Adrian Shephard and Hazel Munt, Research Surveyors for MARINElife (Registered Charity No. 1110884)

Weather: wind SSE 5-7, significant rain

Summary of sightings:

Seabirds
Gannet Morus bassanus 119
Common Scoter Melanitta nigra 2
Cormorant Phalacrocorax carbo 3
Great Skua Stercorarius skua 2
Herring Gull Larus argentatus 20
Great Black-backed Gull Larus marinus 42
Black-headed Gull Chroicocephalus ridibundus 48
Kittiwake Rissa tridactyla 32
Guillemot Uria aalge 8
Razorbill Alca torda 3
Unidentified Auk sp.  4
Common Gull Larus canus  1
Unidentified Gull sp.  10
Red-throated Diver Gavia stellata 4
Great Crested Grebe Podiceps cristatus 5

After a calm and clear Friday I was hoping for more of the same on Saturday for this survey to Dieppe, unfortunately, I was greeted by rain on opening the door for the drive down. This was to be Hazel's first survey and after chatting in the car and having a coffee in the terminal, we boarded Cote D'Albatre and had a late breakfast.

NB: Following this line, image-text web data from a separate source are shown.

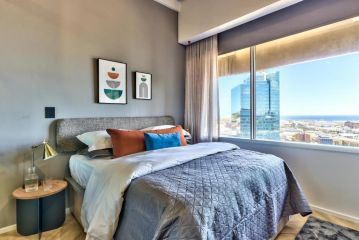 Luxury Studio Apartment One Thibault Apartment, Cape Town - 2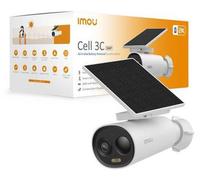 IMOU Imou Outdoor Camera Cell 3C AIO + 64GB SD Card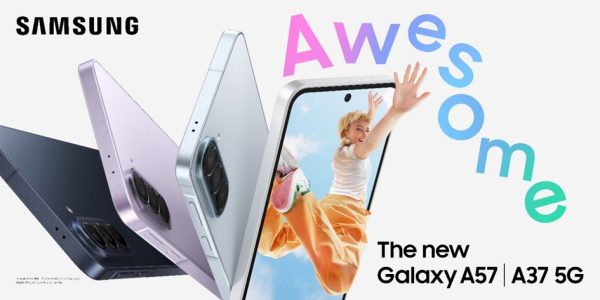 Samsung presenta los Galaxy A57 5G y A37 5G: la inteligencia artificial se hace accesible a un público más amplio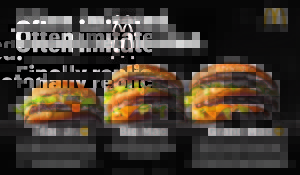 Big Mac Descriptions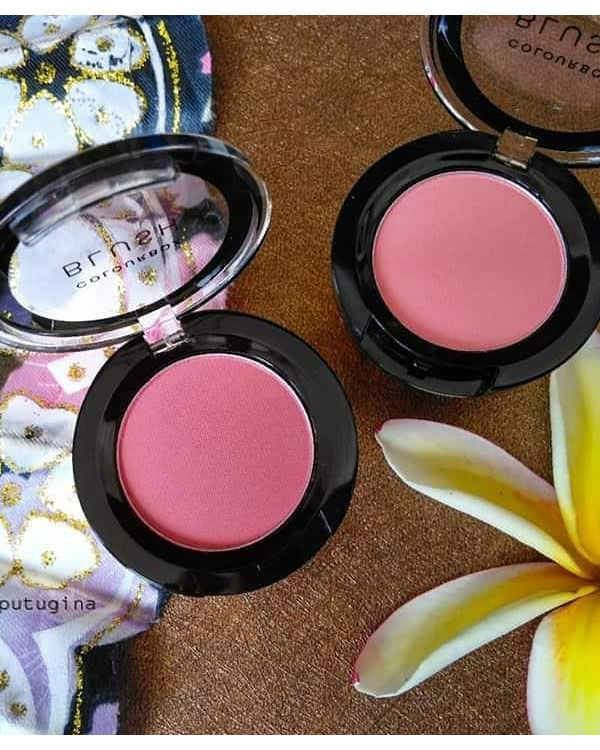 رژگونه پودری کالرباکس اوریفلیم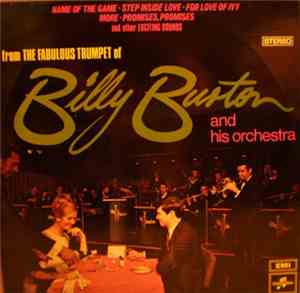 Billy Burton - The Fabulous Trumpet Of Billy Burton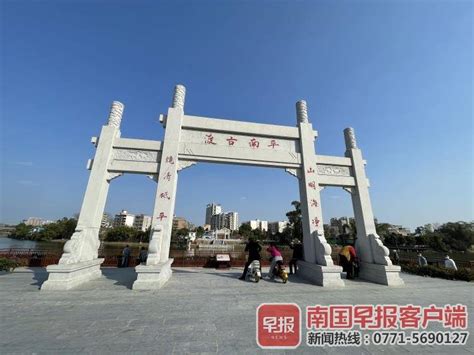 钦州最古老的人文景观，广州会馆，距今已有237年历史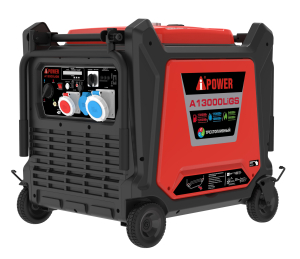 Инверторный генератор A-iPower A13000LiGS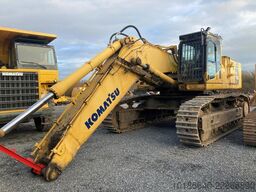Komatsu PC700LC-8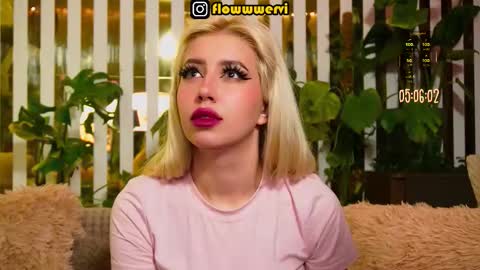 Violetta online show from March 28, 2026, 12:10 am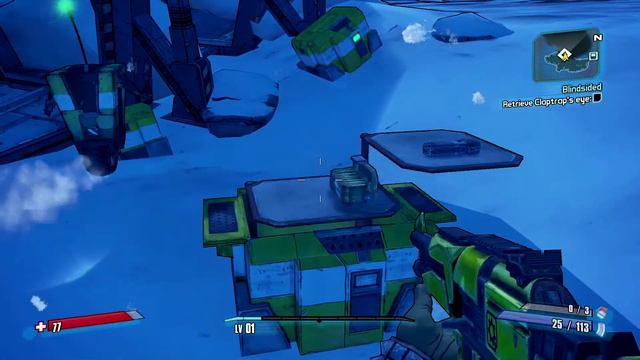 Pierwsze 20 Minut Rozgrywki z Borderlands 2 na Nintendo Switch смотреть онлайн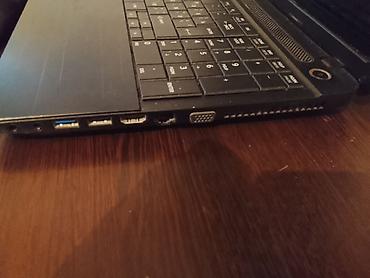 Ноутбуки и аксессуары: Kompüter markası:Toshiba,işlək vəziyyətdədir iş üçün yararlıdır,diz — 4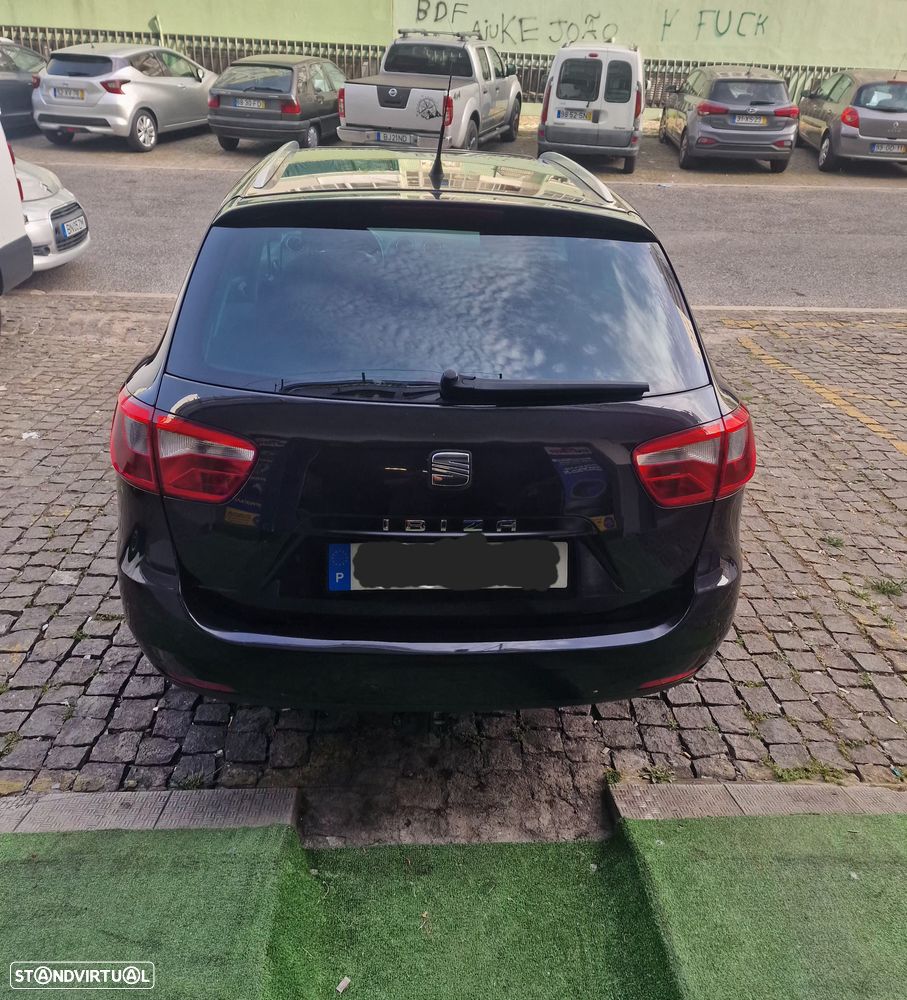 SEAT Ibiza ST 1.2 TDI CR Ecomotive Reference - 5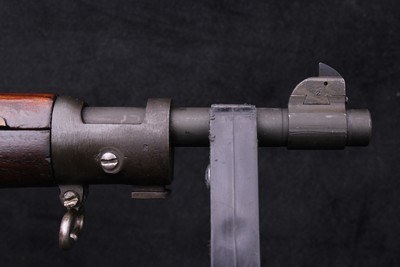 1918 WWI Springfield Armory Model 1903 WWII Rebuild 5-42 SA Barrel .30-06 M1903 - Image 9 of 25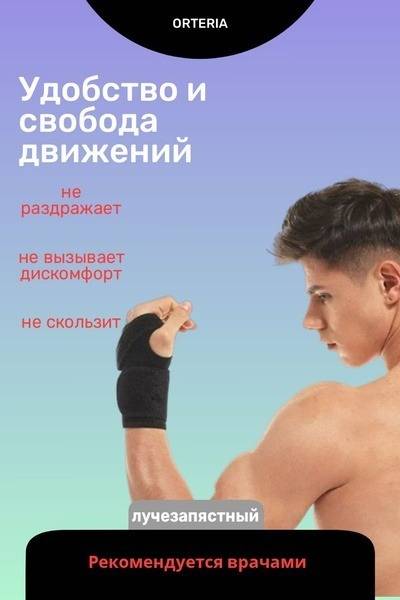 Left Wrist Orthosis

GBB Gull Adrian Shephard 05
Great Black-backed Gull (Adrian Shephard)

Soon after departing, we were invited to the bridge to commence the survey, being greeted by a significant number of waves, whitecaps and rain which plagued the majority of the crossing. We made the best of it and were soon recording Gannet soaring majestically in the distance interspersed with Great Black-backed Gull and the occasional auk.

A large dark bird drew our attention which was identified as a Great Skua, a powerful predatory seabird. We were soon recording good numbers of elegant Kittiwake effortlessly handling the brisk southerly winds.

A further Great Skua was seen taking off from the sea and as we approached Dieppe, we added a few additional species to the tally including Red-throated Diver, Great Crested Grebe and Razorbill.

Great Skua Adrian Shephard 08
Great Skua (Adrian Shephard)

The turnaround is quick on this crossing but we still had time for a walk into Dieppe to grab a delicious pastry or two. After re-boarding, we headed back to the bridge with the hope of a little daylight, but alas, we only had a mere 15 minutes before it was time to end the survey.

We thanked Captain Conquet and his crew for their support and headed down for a bite to eat and to enter the data for the crossing.